Given entries Start Marker

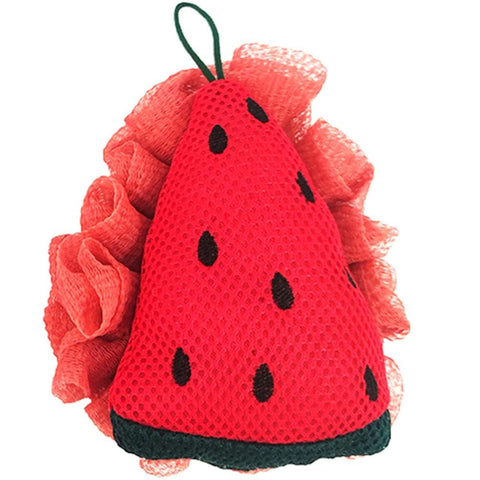 Loofahs for Kids Children's Bath Loofahs Girls Cute Cartoon Bath Sponges Loofah Pouf Body Scrubber Mesh Sponges for Shower Washing Exfoliating-1pc (Multicolor)-multi design Fruit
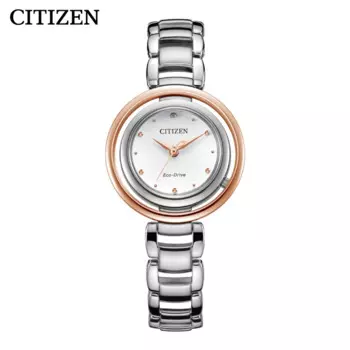 CITIZEN женские часы из нержавеющей стали с круглым циферблатом, модные простые женские часы, кварцевые часы EM0668-83A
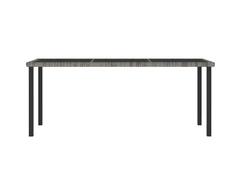 Sodo valgomojo stalas, pilkos spalvos, 180x70x73cm, poliratanas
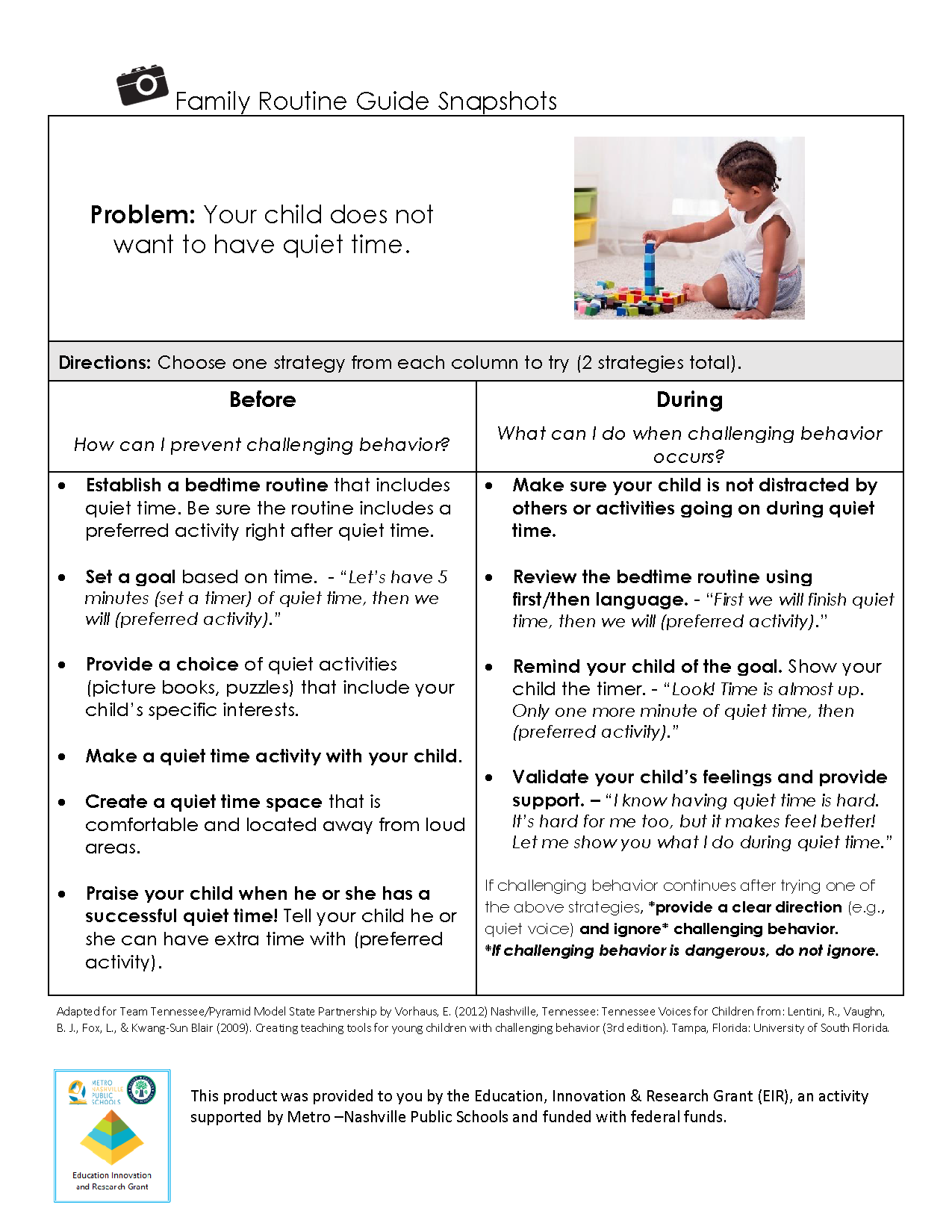 Family Routine Guide Snapshot: Quiet Time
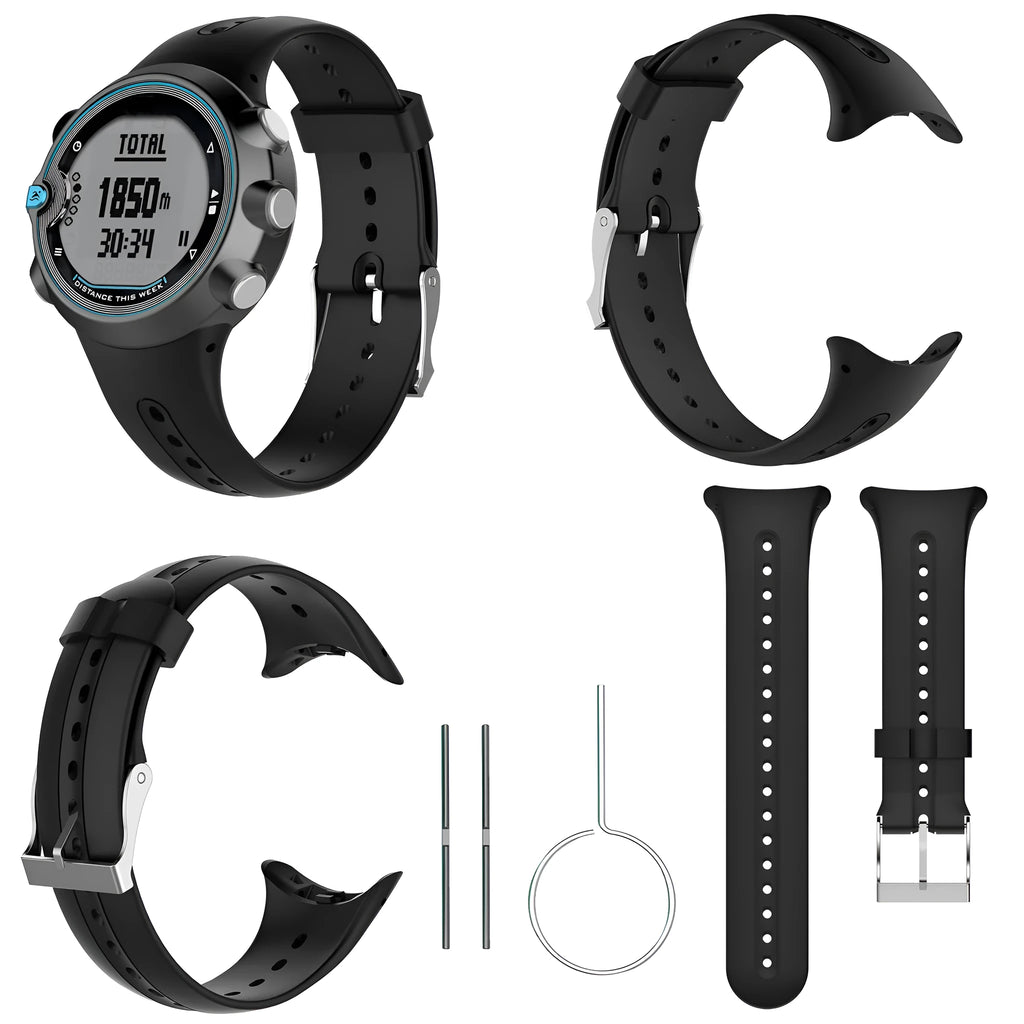 Black silicone swim watch strap with 124mm long belt and 104mm short lace, sports style replacement band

Given entries End Marker

▶ [Task requirements]: Can you restate all the records above word for word while dropping the pictures?

▶ [Solution to this task]:
 Loofahs for Kids Children's Bath Loofahs Girls Cute Cartoon Bath Sponges Loofah Pouf Body Scrubber Mesh Sponges for Shower Washing Exfoliating-1pc (Multicolor)-multi design Fruit
 CITIZEN женские часы из нержавеющей стали с круглым циферблатом, модные простые женские часы, кварцевые часы EM0668-83A
 Sodo valgomojo stalas, pilkos spalvos, 180x70x73cm, poliratanas
 Family Routine Guide Snapshot: Quiet Time
 Black silicone swim watch strap with 124mm long belt and 104mm short lace, sports style replacement band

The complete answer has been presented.